Así y todo, lo mejor y más dramático estaba aún por venir. Los brasileños, ya con el cronómetro en contra, no querían irse a tiempos extras, ni mucho menos a un segundo partido que, por reglamento, tendría que jugarse 48 horas después, y tenían acorralados a los mexicanos en su propia área.
Inesperadamente, Amarildo conectó un potente, certero y soberbio cabezazo a un lado de La Tota, quien, instintivamente, levantó el pie, y el balón, que seguro hubiera picado en el césped para después incrustarse en las redes mexicanas, salió, sin embargo, rebotado a los linderos del área grande, donde un desconcertado delantero mexicano -¿qué más da quién?- lo tomó y se enfiló hacia el marco contrario, justo como el español Peiró se lo había hecho al cuadro mexicano en la única derrota que hasta el momento tenía. Y de la misma forma que Peiró, El Chololo Díaz (qué más da, repito, si el verdadero héroe era el leonés Carbajal) se enfiló hacia la meta contraria y clareó al guardameta Gilmar, que con el rostro en el pasto y profundamente desconsolado quedó tendido en el campo llorando su derrota, exactamente de la misma forma en que un antihéroe, compatriota suyo, de cuyo nombre no quiero acordarme, justamente doce años atrás, produjo el vergonzoso episodio que por siempre será recordado como El Maracanazo.
Pero esa es otra historia. La mía es de héroes, perdón, de Héroe, la de La Tota Carbajal, que quedó indeleblemente grabada en mi mente infantil al proporcionarnos el máximo orgullo deportivo que podemos presumir los mexicanos en nuestra historia, en pleno siglo XXI: la Copa Mundial de Futbol, Jules Rimet, de 1962.

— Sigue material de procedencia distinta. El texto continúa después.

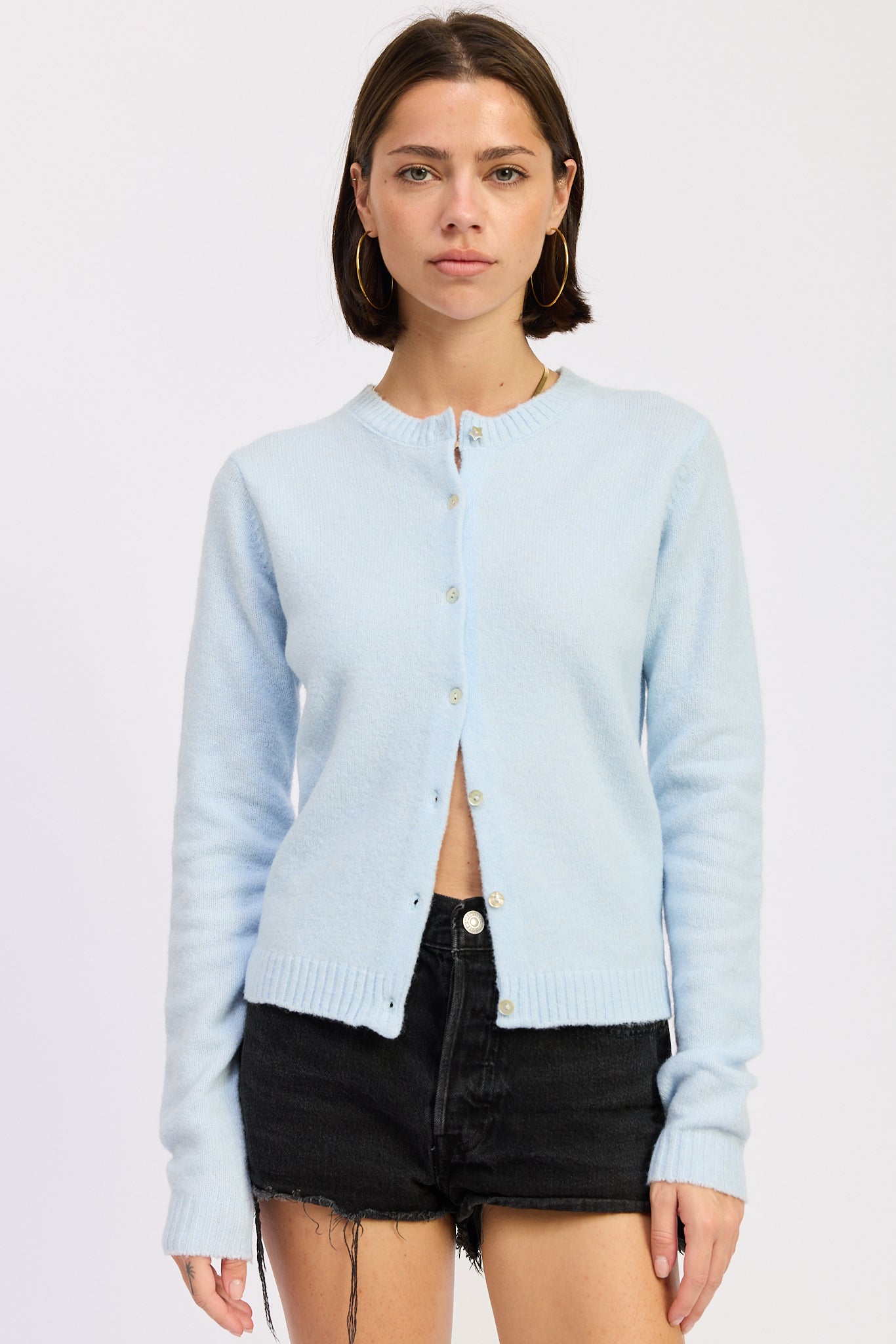 Women’s Button-Front Knit Cardigan – Kaia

Resulta increíble: La Tota hizo nuestro el lema del organizador chileno del certamen mundial de 1962: “Porque nada tenemos, todo lo haremos”.
Años más tarde (32, para ser exactos), en 1994, tuve la oportunidad de agradecérselo personalmente cuando ambos regresábamos en el mismo avión, él como comentarista deportivo y yo como simple aficionado, de presenciar la derrota de México ante Bulgaria en el Mundial de Estados Unidos. La Tota venía muerto de miedo, como siempre le ha ocurrido cuando vuela. Qué curioso, atemorizarse por ello y no haberlo hecho frente a un auténtico pelotón de fusilamiento: ¡Garrincha, Didí, Vavá, Amarildo y Zagallo!